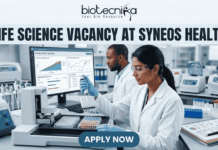 Life Science Vacancy at Syneos Health | BSc Candidates Apply Now Life Science Vacancy at Syneos Health BSc Candidates Apply Now. A complete job advertisement featured image banner. At the very top center, it features the full Biotecnika logo and tagline ("biotecnika", abstract human-leaf figure, "Your Bio Resource"). Directly below, a large text headline reads: "LIFE SCIENCE VACANCY AT SYNEOS HEALTH". The main scene is a photograph of a modern, well-equipped laboratory with two focused researchers. A female researcher in the foreground is actively pipetting over microtiter plates. Behind her, her male colleague works at a large computer station. The monitor screen is clearly legible and displays complex "PHASE III TRIAL TRACKING" data, graphs, and clinical recruitment charts. Advanced lab equipment like an automated liquid handling system and color-coded samples are on the bench, alongside a lab notebook with molecular doodles. At the bottom center, a prominent deep teal-blue button with bold white text displays "APPLY NOW".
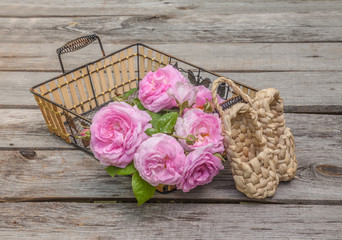 Bouquet of wild rose in vintage style on basket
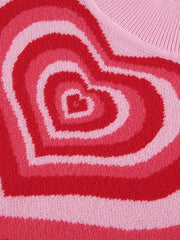 Pink knit tank top with concentric heart intarsia pattern in shades of pink and red.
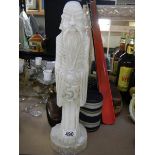 A tall alabaster figure of a Chinese gentleman.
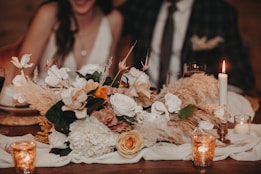 A beautifully arranged floral centerpiece featuring a variety of flowers, including white and orange blooms, with lush greenery and pampas grass. The setting is on a wooden table adorned with white fabric, surrounded by lit candles in small glass holders. In the background, there are two blurred figures, possibly a couple dressed formally.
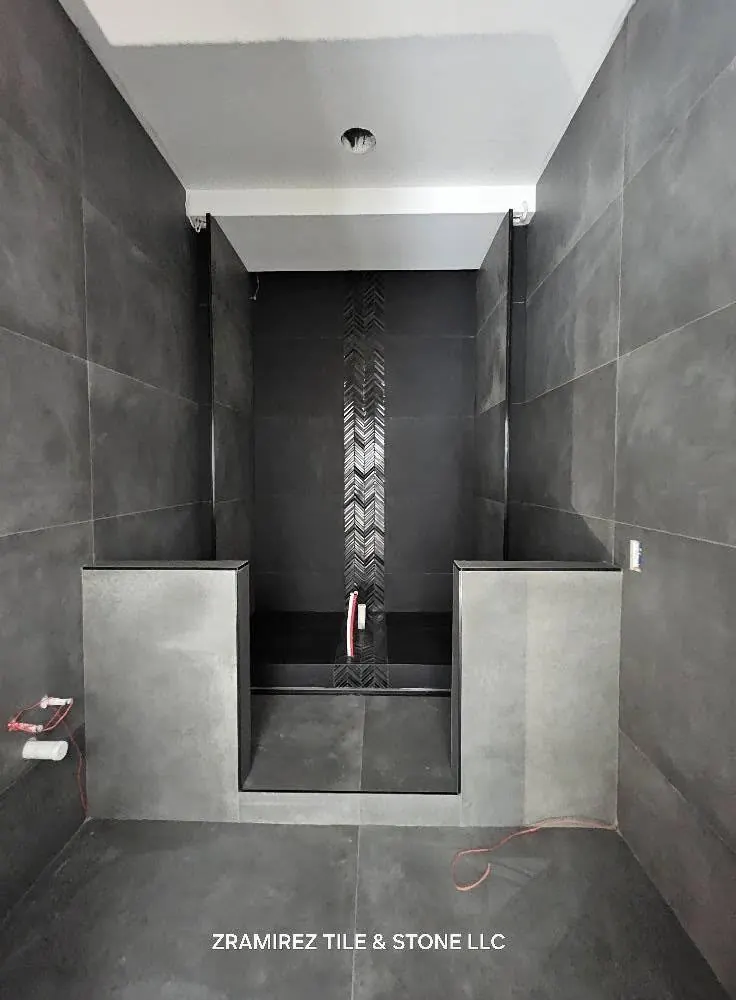 Charcoal porcelain shower with mosaic accent strip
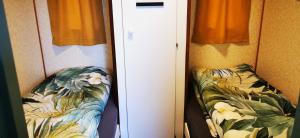 a room with a white door and a couch at Bed and Breakfast Op het Broek in Harfsen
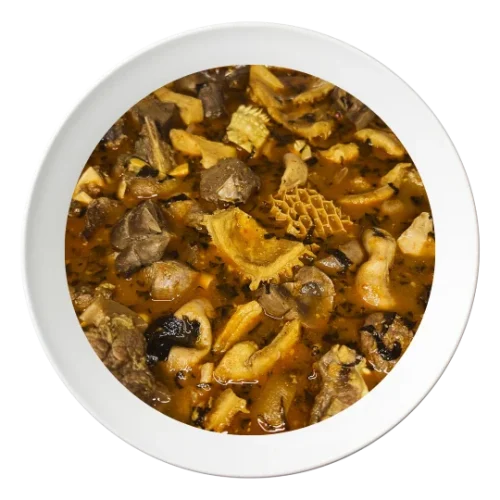 A bowl of Nigerian pepper soup, with goat meat, a spicy Nigerian soup, served in Bolingbrook, Illinois.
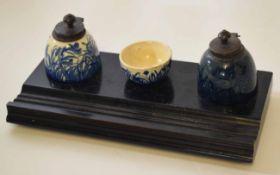 Porcelain mounted and ebonised ink stand comprising two porcelain reservoirs with blue and white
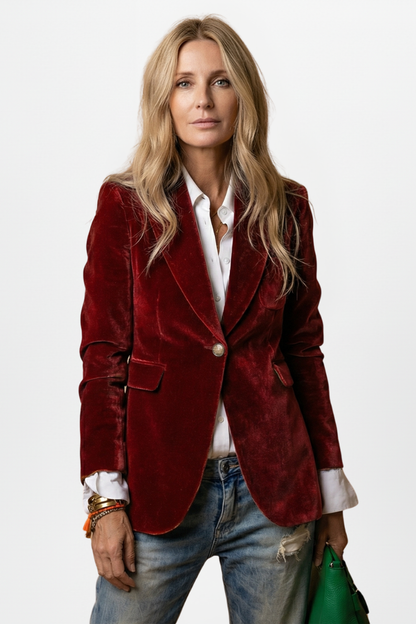 Model wearing the blazer in a deep red crushed velvet, with white shirt, jeans and bracelets 7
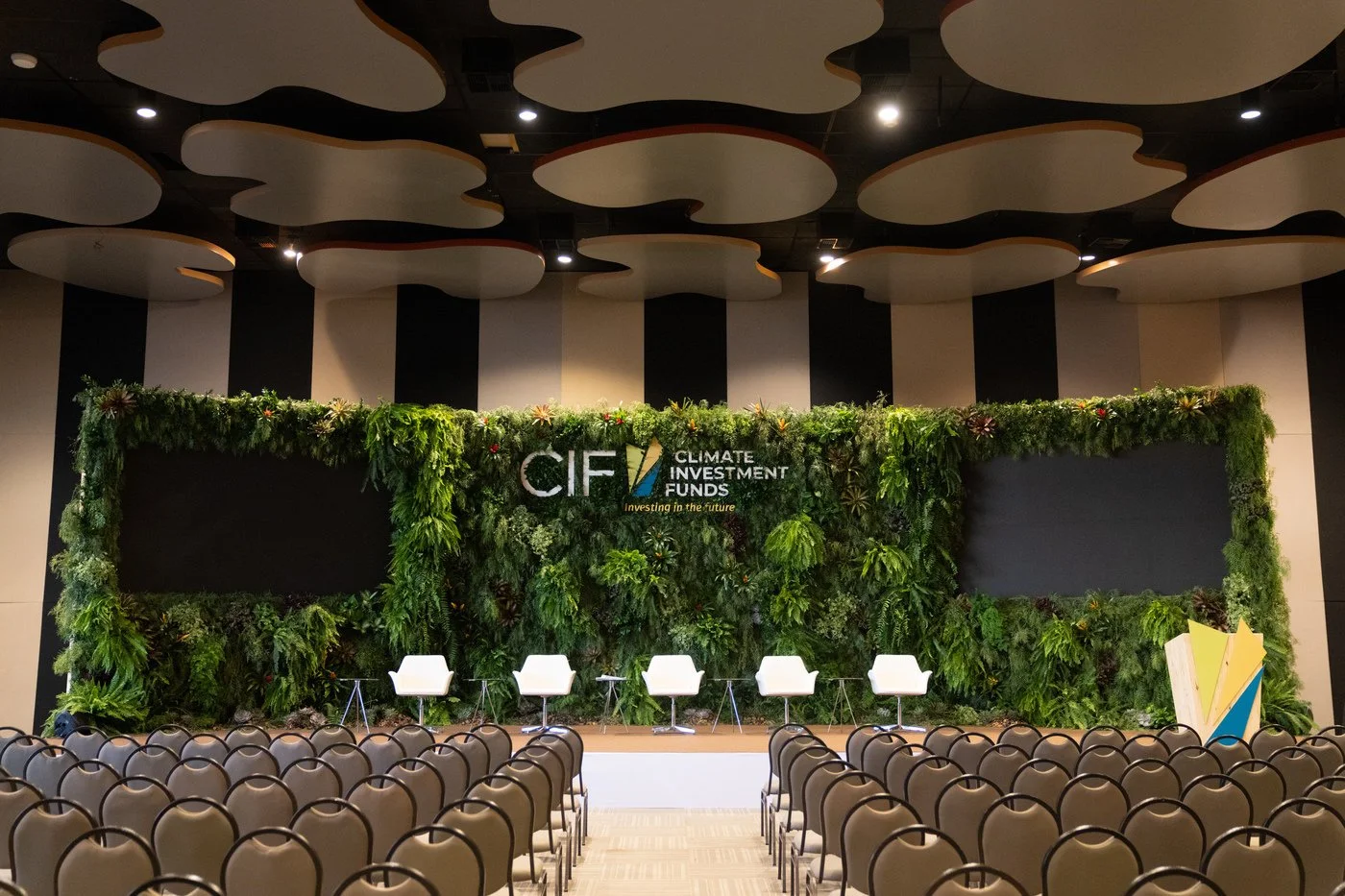 A conference stage with a green plant wall backdrop and the CIF Climate Investment Funds logo, set up with chairs and microphones for a panel discussion.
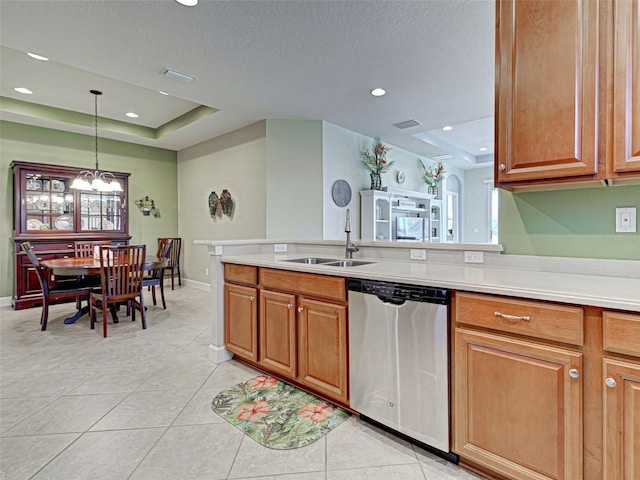 kitchen with a raised ceiling, light countertops, dishwasher, and a sink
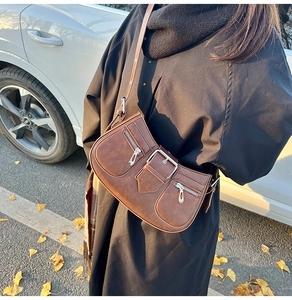 Detailansicht der braunen Lederhandtasche mit Metallreißverschlüssen und großer Schnalle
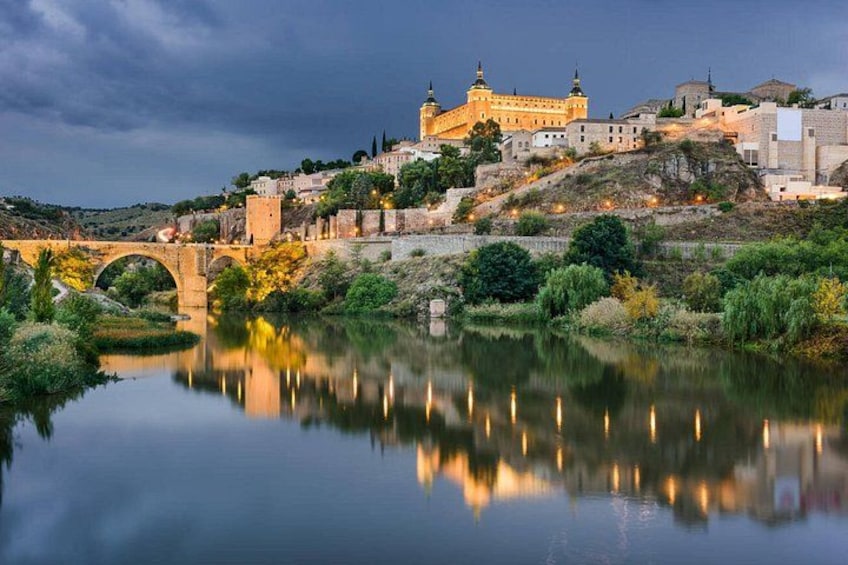 Un paisaje urbano histórico con un castillo destacado, un puente y un río tranquilo que refleja la arquitectura. 5
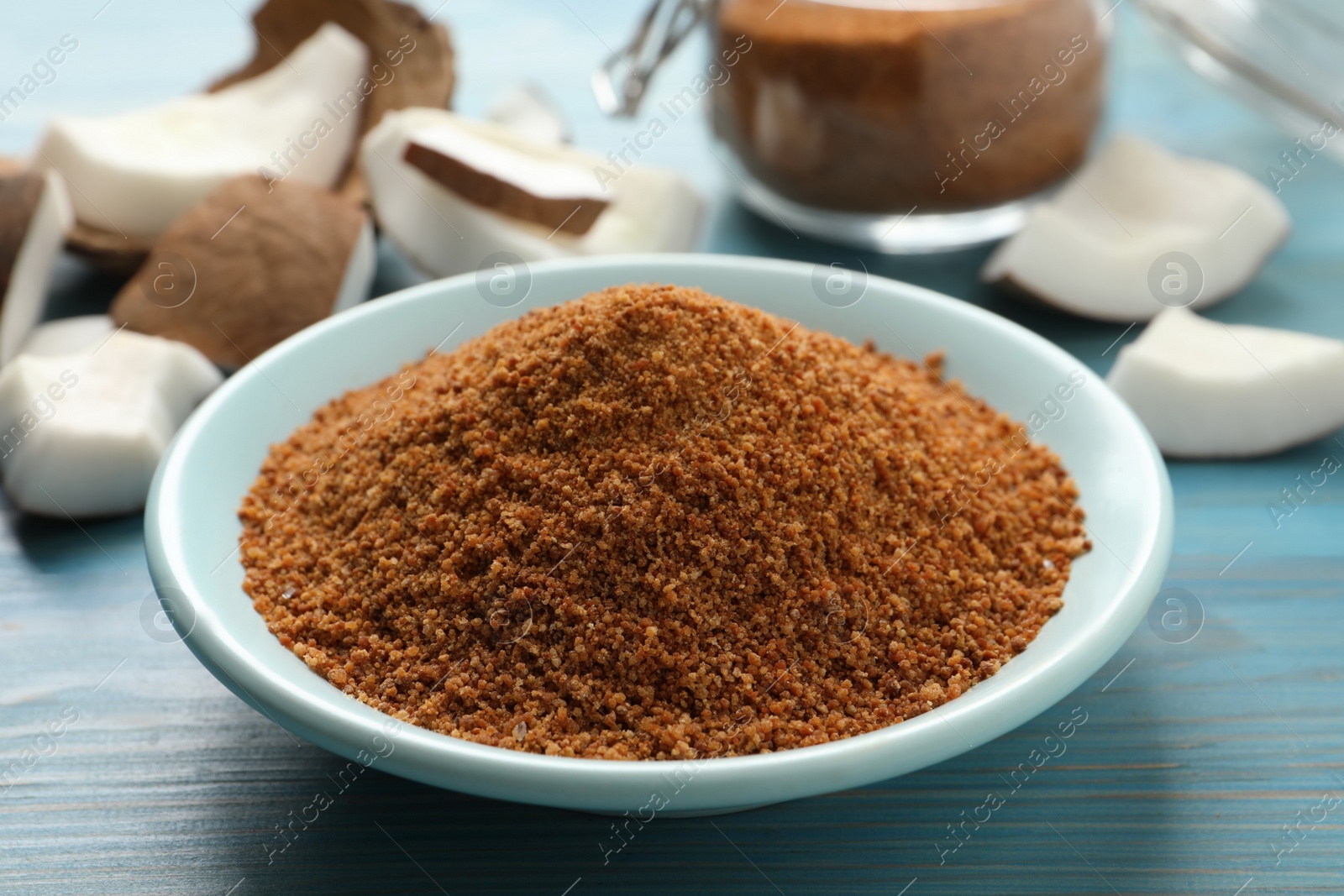 Photo of Natural coconut sugar in ceramic bowl on blue wooden table, closeup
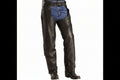 Black leather motorcycle chaps worn over blue jeans, featuring a belt with silver studs and black leather chaps boots, shown against a plain white background.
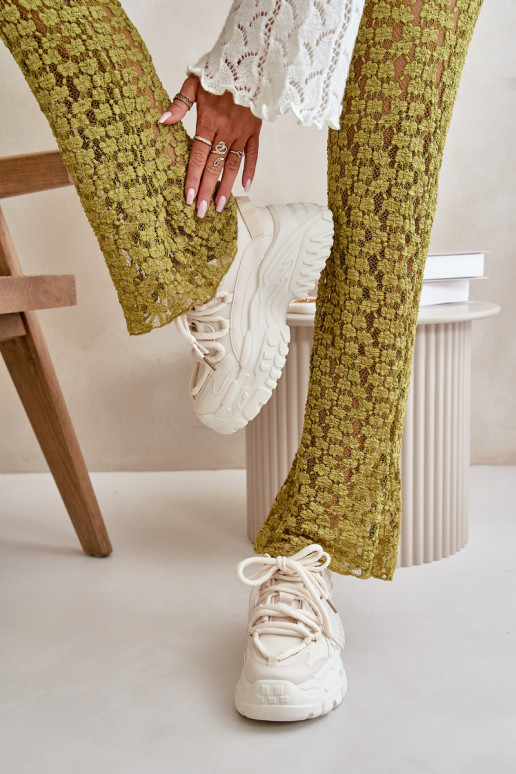 Sneakers tüüpi jalanõud Pealiste omad Sellel onssiivsel tallal Elevandiluu värvi Nevela Sneakers tüüpi jalanõud Pealiste omad Sellel onssiivsel tallal Elevandiluu värvi Nevela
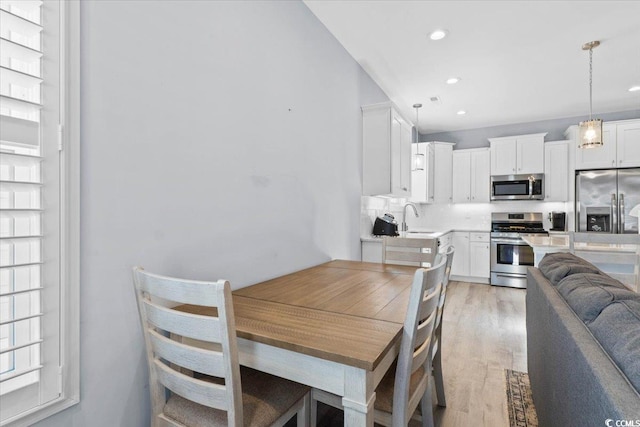 dining area with sink and light hardwood / wood-style floors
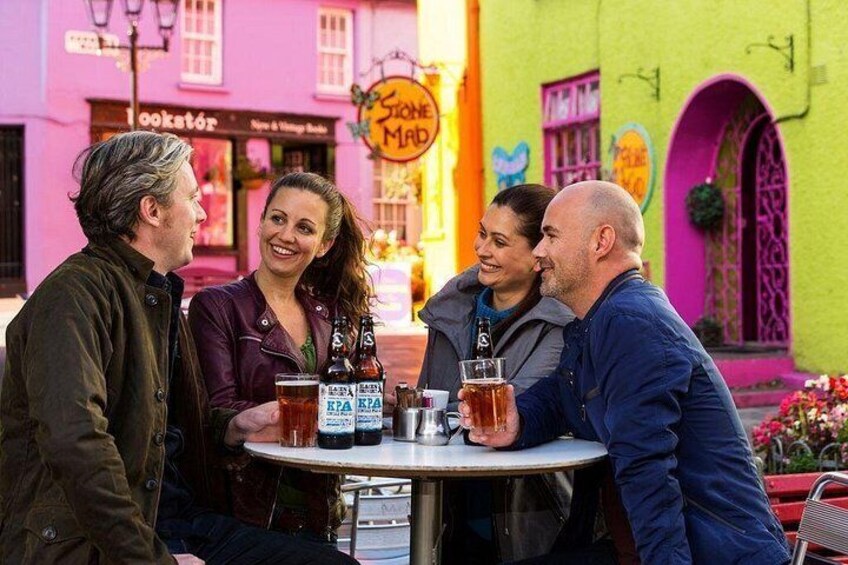 Un grupo de personas sentadas en una mesa con bebidas, un edificio colorido con un letrero que dice 'Søren Madsen' y una tienda con un letrero que dice 'Lookstør'. 4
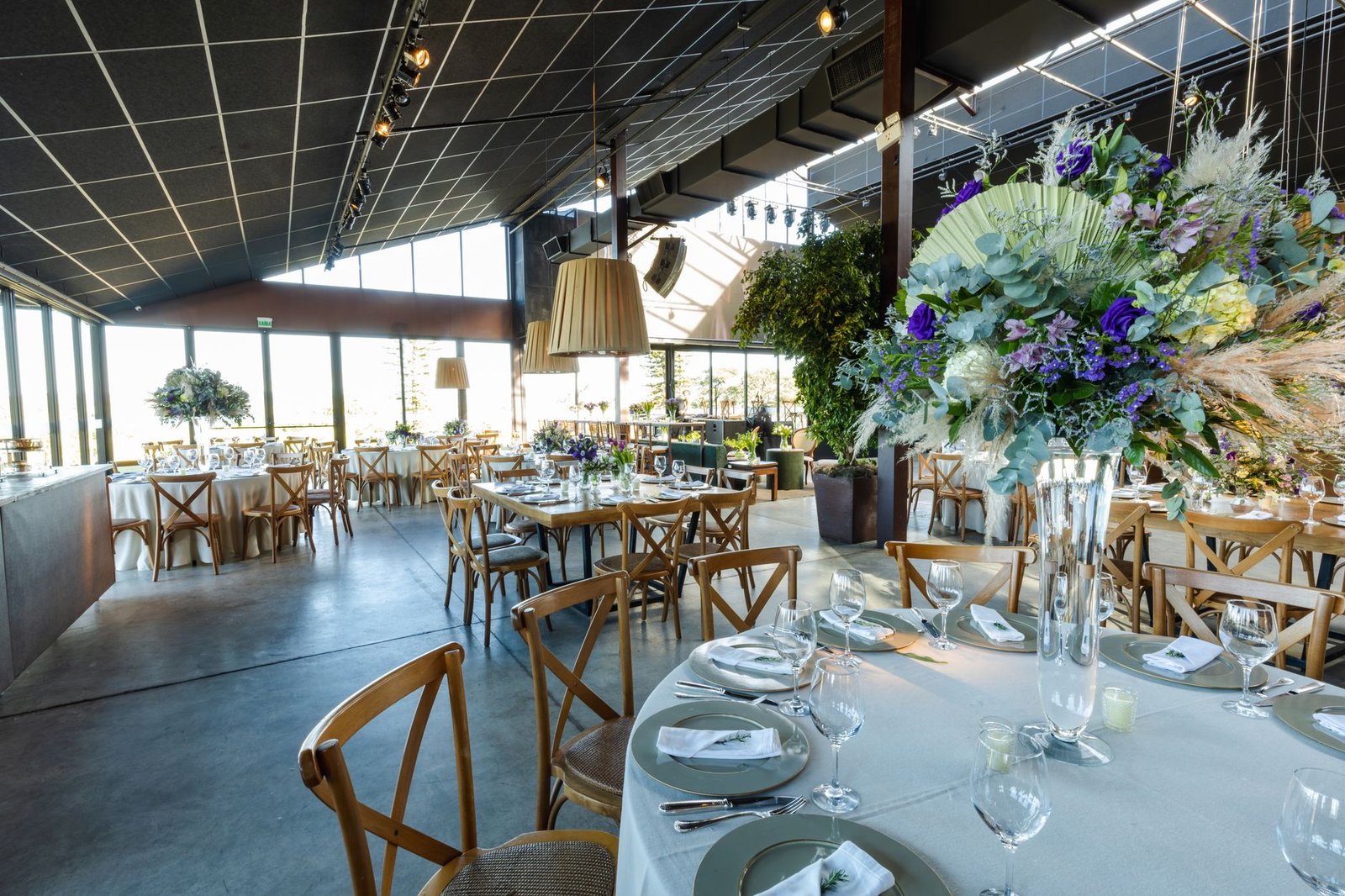 Spacious wedding venue featuring floral decor, elegant table settings, and rustic charm.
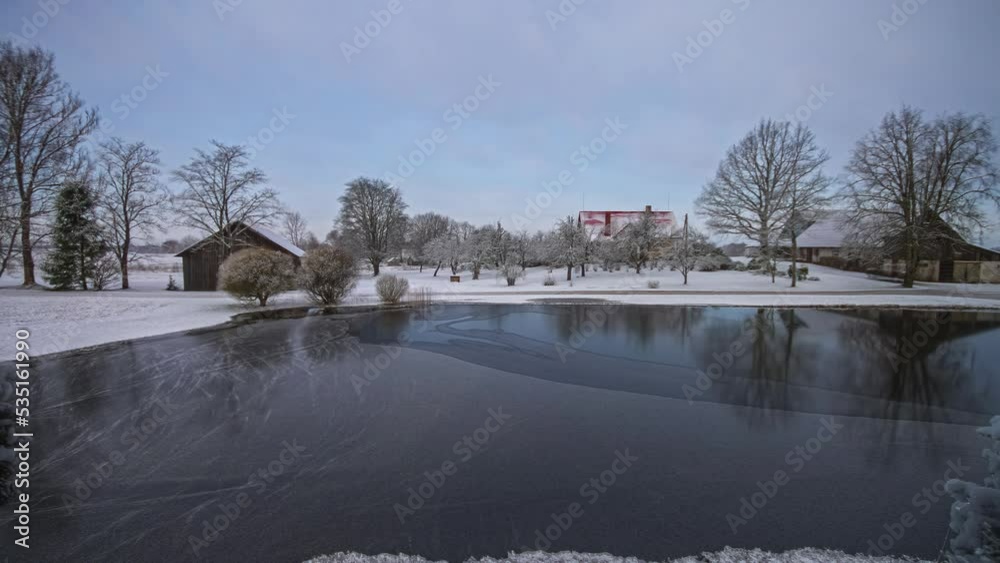 Starting in autumn, this all-year time lapse of a farmhouse by a lake cycles to winter with the lake freezing, to spring and then to summer in a temperate European climate Starting in autumn, this all-year time lapse of a farmhouse by a lake cycles to winter with the lake freezing, to spring and then to summer in a temperate European climate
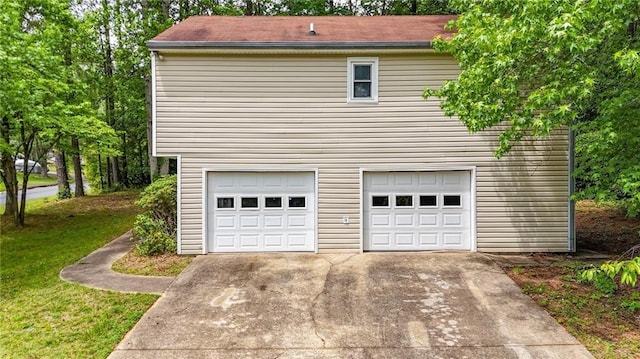 garage featuring concrete driveway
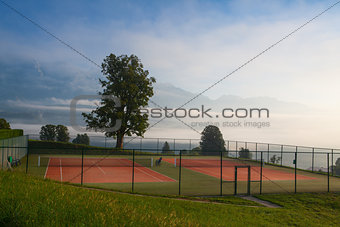 Tennis courts in the morning mist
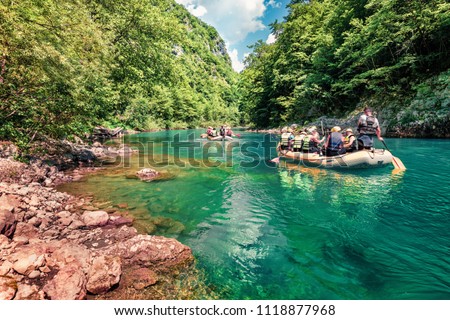 Excursions on inflatable boats along the river Tara. Splendid summer morning in Tara canyon, Montenegro, Europe. Beautiful world of Mediterranean countries. Active tourism concept background.
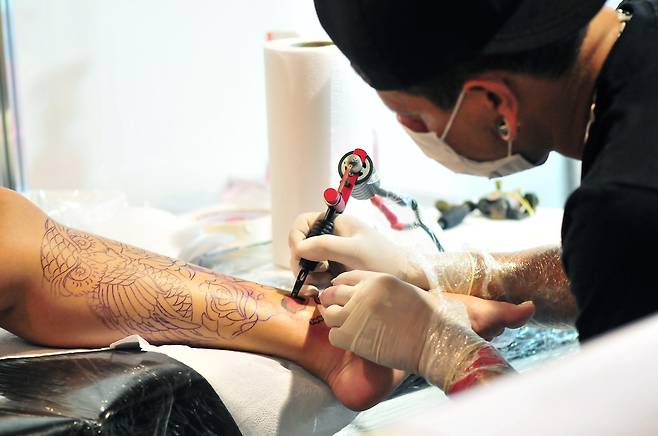 A tattoo artist works on a client's tattoo. This photo is not directly related to the story. (123rf)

+ + + +

*Work order*: For the data above, set down exactly the lines from the line with "Model wearing the" to the line with "Tennis courts in the morning mist", both included, leaving pictures out.

*Worked solution*:
 Model wearing the blazer in a deep red crushed velvet, with white shirt, jeans and bracelets 7
 A conference stage with a green plant wall backdrop and the CIF Climate Investment Funds logo, set up with chairs and microphones for a panel discussion.
 kitchen with a raised ceiling, light countertops, dishwasher, and a sink
 Detailansicht der braunen Lederhandtasche mit Metallreißverschlüssen und großer Schnalle
 Un paisaje urbano histórico con un castillo destacado, un puente y un río tranquilo que refleja la arquitectura. 5
 Photo of Natural coconut sugar in ceramic bowl on blue wooden table, closeup
 Black leather motorcycle chaps worn over blue jeans, featuring a belt with silver studs and black leather chaps boots, shown against a plain white background.
 Sneakers tüüpi jalanõud Pealiste omad Sellel onssiivsel tallal Elevandiluu värvi Nevela Sneakers tüüpi jalanõud Pealiste omad Sellel onssiivsel tallal Elevandiluu värvi Nevela
 dining area with sink and light hardwood / wood-style floors
 Un grupo de personas sentadas en una mesa con bebidas, un edificio colorido con un letrero que dice 'Søren Madsen' y una tienda con un letrero que dice 'Lookstør'. 4
 Spacious wedding venue featuring floral decor, elegant table settings, and rustic charm.
 Starting in autumn, this all-year time lapse of a farmhouse by a lake cycles to winter with the lake freezing, to spring and then to summer in a temperate European climate Starting in autumn, this all-year time lapse of a farmhouse by a lake cycles to winter with the lake freezing, to spring and then to summer in a temperate European climate
 garage featuring concrete driveway
 Tennis courts in the morning mist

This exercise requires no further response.